Com’è cambiata negli anni la visione dell’enoteca nella ristorazione?

«Negli anni ’70 quando cominciai a collezionare vini, a fianco delle grandi etichette cercavo sempre qualche nuovo produttore da poter proporre ai miei clienti. Molti, sconosciuti all’epoca, sono oggi affermati, alcuni addirittura dei miti e i loro vini spesso sono introvabili o molto costosi. Attualmente non è facile come un tempo creare una cantina con tante eccellenze, può voler dire fare i conti con le difficoltà di reperimento delle bottiglie e con impegni economici importanti. Allo stesso tempo, oggigiorno vi sono tante giovani realtà che guardano a una produzione qualitativa nel rispetto del territorio e offrono l’opportunità di formulare proposte ampie, valide e molto interessanti. Bisogna sempre ricordare che una valida cantina è quella che riesce a far “girare” i vini soddisfacendo sia le esigenze dei clienti sia quelle aziendali. Il lavoro del sommelier responsabile diventa quindi importante e fondamentale».

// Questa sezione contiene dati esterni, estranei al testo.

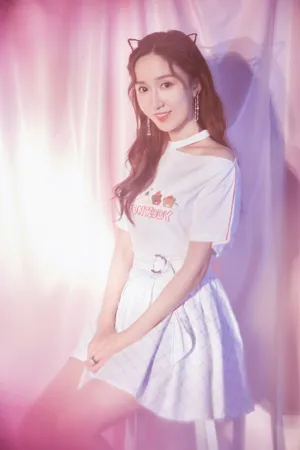 娄艺潇格子短裙性感写真图片_3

Quali vini non dovrebbero mai mancare nell’enoteca di un ristorante?

«Nella scelta influiscono molti fattori. Considerare il territorio in cui si opera, valutare bene la clientela che frequenta il locale, essere in sintonia con le impostazioni aziendali sono alcuni fattori che devono essere considerati. Conta poi il fattore personale; le esperienze e il gusto del sommelier possono delineare la personalità della carta dei vini. Personalmente ho sempre avuto predilezione per i Grandi Vini sia italiani sia internazionali e nella mia cantina non sono mai mancate le etichette più prestigiose. Ho sempre dato rilevanza ai vini italiani e in particolar modo alla Toscana in quanto terra di grandi vini e territorio in cui opero. Ma ho anche un grande amore per la Borgogna e per il Bordeaux e non potrei rinunciare allo Champagne, ai grandi vini californiani, spagnoli, tedeschi».

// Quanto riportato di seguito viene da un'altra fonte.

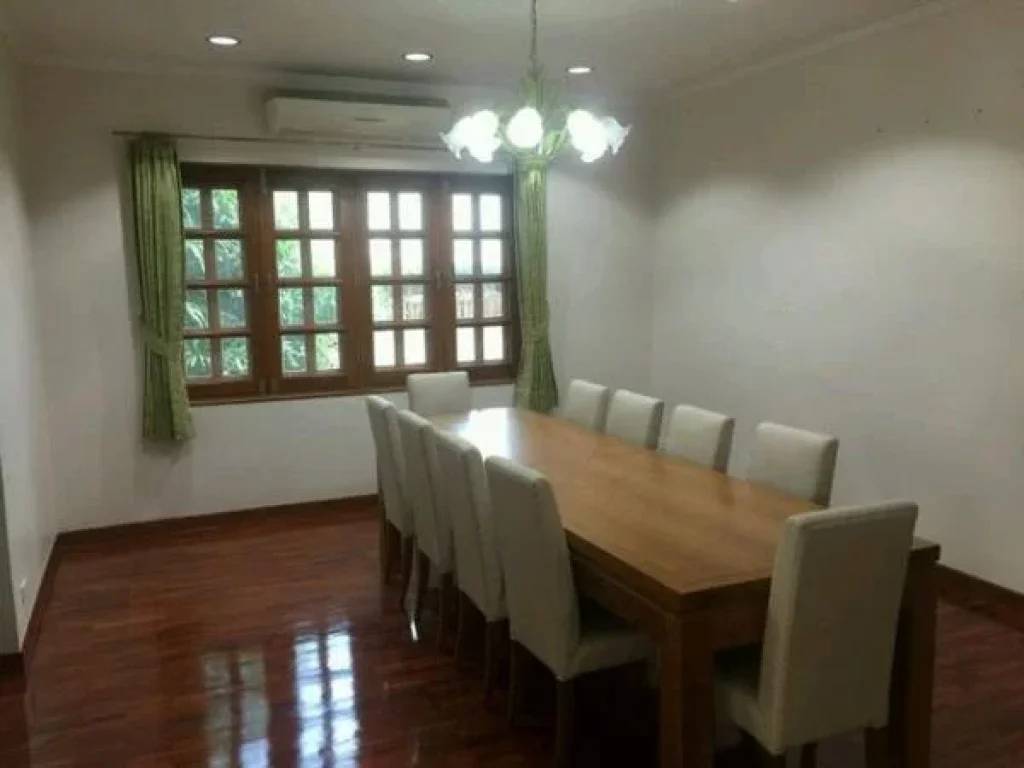 House for rent Sukhumvit Soi 23 Bali style 6 bedrooms a swimming pool a sauna room a garden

Lei che è stato il precursore della vendita al bicchiere di vini pregiati, vede attualmente qualche tendenza che possa rivoluzionare il mondo del servizio del vino?

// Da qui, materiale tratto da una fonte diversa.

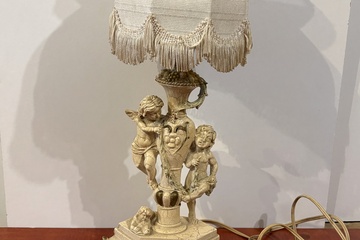 Afbeelding van Tafellamp met 3 engelen in barokstijl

«Il consumo del vino è molto cambiato negli ultimi anni. Oggi è molto più consapevole e più attento alla qualità. Sicuramente girano molte idee, ma la vendita al bicchiere rimane ancora la più praticabile. Noi da sempre proponiamo numerosi vini in degustazioni serviti al bicchiere, ma non sempre le Grandi Etichette possono essere proposte a bicchiere. Pensando proprio a queste Grandi Etichette, ultimamente stiamo pensando a una formula di condivisione di una grande bottiglia».

Quali sono i vini italiani che, a ragion veduta, potranno essere i prossimi Ambasciatori del Gusto nel mondo?

«Ci sono tantissimi vini in Italia che hanno le qualità per essere Ambasciatori del Gusto italiano nel mondo. In questi ultimi anni ho potuto seguire e apprezzare tanti ottimi vini, posso citare lo Studio di Bianco di Borgo del Tiglio; le meravigliose selezioni della cantina di Terlano; Helena, il Nero di Troia riproposto dai Vignaioli Vespa; il Gattinara Vigna Molsino, della storica cantina Nervi oggi guidata da Giacomo Conterno; due interessantissime novità della Famiglia Antinori: Il Matarocchio, un Cabernet Franc prodotto nella Tenuta di Guado al Tasso e Ampio delle Mortelle, un Carménere, Cabernet Franc e Cabernet Sauvignon prodotto nel Grossetano e… potrei continuare a lungo».